“Dropping as low as £30.65 (per labour hour)” when analysing the restaurant sector alone, Fourth said that “heavy” discounting accounts for the figures, with “many (hospitality) groups pursuing aggressive discounting policies in the UK over the past four-to-six weeks” and the Telegraph reporting a 20-30% rise over the past year.
Also revealing that wages as a percentage of sales have risen by 0.9% over the same period, the data claimed that “cost pressures from decreasing productivity have been exacerbated by continued, but steady, wage-cost inflation,” with the average hourly wage in the hospitality industry sitting at £8.28 - a rise of 2% since May 2017 – “which is 3% above the Government’s target of reaching £8.05 by April 2018.”
Mike Shipley, analytics and insight solutions director at Fourth, explained: “Our figures show that a domino effect of aggressive discounting in the hospitality industry, particularly the restaurant sector, has taken a heavy toll on productivity as brands compete for custom in a very competitive market place.

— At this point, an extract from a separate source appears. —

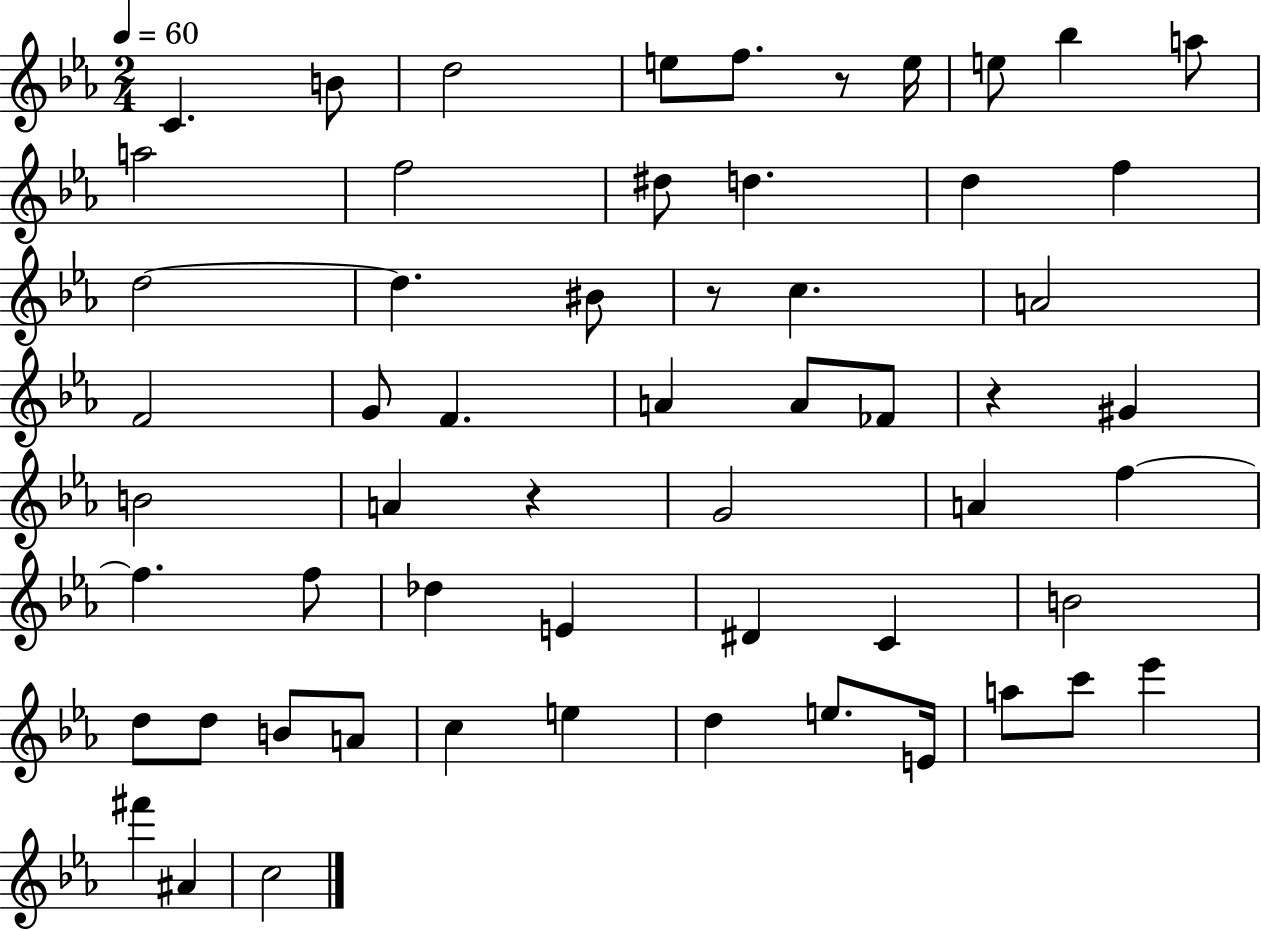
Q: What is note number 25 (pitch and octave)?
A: A4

“Compounding the issue, the latest figures from the Coffer Peach Tracker, show that managed pubs, bars and restaurants like-for-like sales were down 0.9% in September. This trend is indicative of the wider hospitality industry, with significant cost headwinds taking their toll as operators battle to maintain and build sales.
“Discounting is a quick fix to this complex situation and with Brexit looming on the horizon, it’s imperative that operators scrutinize all aspects of their operation to understand where they can cut costs, such as smarter scheduling software and renegotiating procurement deals in line with the market.
“As with all adversity, there is a silver lining and, ultimately, the businesses who successfully navigate this period, streamline their business models and increase efficiency of labour and procurement, will be well placed for growth when the market reverts.”